Oggi il Capodanno è uno tra i momenti più attesi e carichi di aspettative attraverso il quale si saluta l’anno passato e si aspetta il sopraggiungere del nuovo, con l’augurio che sia migliore di quello precedente. In tutte le case della Sardegna la notte del 31 Dicembre si aspetta la mezzanotte per scambiarsi auguri e promesse.

Eppure fino al Medioevo il vero Capodanno sardo si festeggiava a Settembre che, non a caso, era chiamato “Cabudanni“, termine che deriva dal latino “caput anni”, ovvero, “inizio dell’anno”. La forte vocazione agropastorale dell’isola, unita al lungo periodo di dominazione bizantina, portò la Sardegna a seguire il calendario bizantino e non quello gregoriano. Nel calendario bizantino, infatti, l’anno iniziava il 1 Settembre e terminava il 31 Agosto, perciò l’intero mese venne chiamato “Cabudanni”.

A Settembre, inoltre, si svolgeva l’ultimo ciclo delle attività agricole e pastorali – in particolare la coltivazione di cereali – che precedeva il lungo periodo di quiescenza invernale della Natura. Da sempre, quindi, era il legame con la terra a condizionare notevolmente i ritmi della vita e le tradizioni del popolo sardo.

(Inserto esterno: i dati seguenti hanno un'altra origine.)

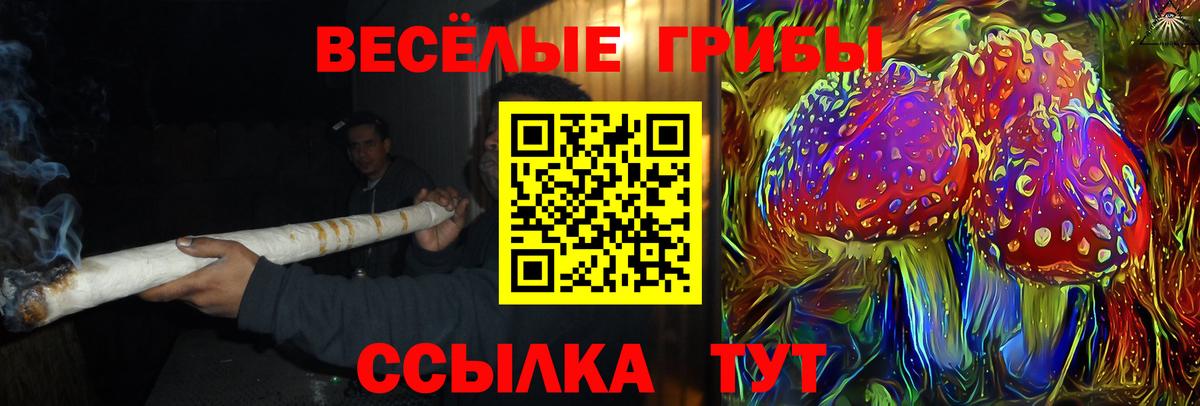 Галлюциногенные грибы Magic Shrooms Коряжма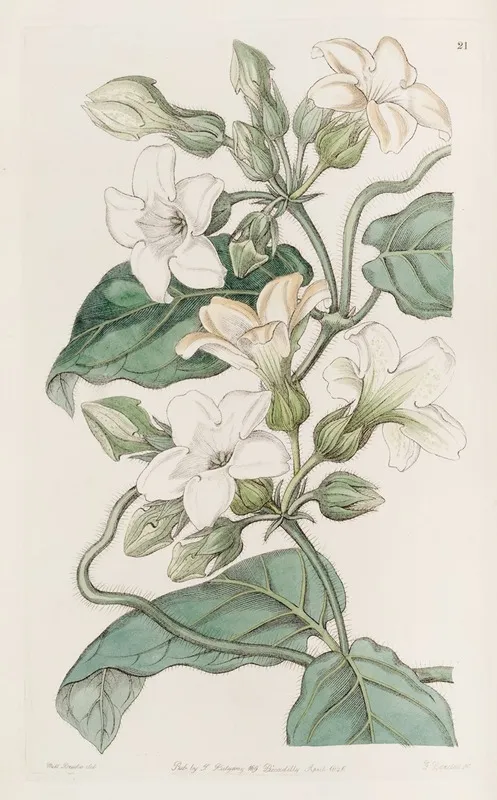 Strong Scented Schubertia Wall Art by Sydenham Edwards - High-Resolution Digital Print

Ma sebbene il Capodanno non sia mai stata una festa particolarmente sentita, ad esso sono legate alcune usanze e tradizioni il cui scopo era quello di essere ben auguranti. Naturalmente l’immancabile mix tra cristianesimo e paganesimo ha fatto si che queste usanze si differenziassero da parte a parte.
Conosciamo molte di queste usanze grazie ai racconti di Grazia Deledda, che ha saputo tramandare un mondo antico e “primitivo” fatto di credenze popolari, riti e leggende che altrimenti, forse, sarebbero andate perse.

Biasi
Messa di notte in un’illustrazione di Giuseppe Biasi per Il Giornalino della Domenica, nel quale Grazia Deledda pubblicò alcuni suoi racconti

Una tra queste, molto diffusa nel Nuorese, era l’usanza “de su Candelàrju“, comune anche nel Nord della Sardegna, dove viene chiamata “Su candelarzu”. A Orgosolo la stessa identica tradizione era invece chiamata “Sa candelaria” . L’ultimo giorno dell’anno i bambini si riunivano in gruppi e andavano in giro per le strade a chiedere una sorta di questua per i poveri e i bisognosi, muniti di “sacchittas” o “sacchetttas”, federe bianche portate sulla spalle come bisacce. L’espressione “pedire sa candelaria”, usata ancora oggi nel centro Sardegna, significa infatti “chiedere la questua”. Tra i doni offerti in passato c’erano “sas rughittas”, piccoli pani a forma di croce e “s’accheddu”, piccoli bastoncini fatti sempre con il pane con la punta a spirale e il pane de “su capidu e s’annu”, di forma ovale con “sas ficcas” per buon augurio, dodici fori e altrettanti anellini, come a simboleggiare i mesi dell’anno che sta per arrivare. Di tutto ciò oggi rimangono solo “sas rughittas”, preparate soprattutto dalle persone più anziane e più legate alla tradizione. Secondo quanto ci racconta la Deledda nel suo capolavoro “Tradizioni popolari di Nuoro in Sardegna” – la notte del 31 Dicembre si apriva la porta ai bambini poveri e si distribuivano loro mandorle, noci, castagne, fichi secchi e nocciole.
In alcune case si faceva anche un pane chiamato “Su Candelàrju”, la cui forma era simile a quella di un uccello o di altri animali.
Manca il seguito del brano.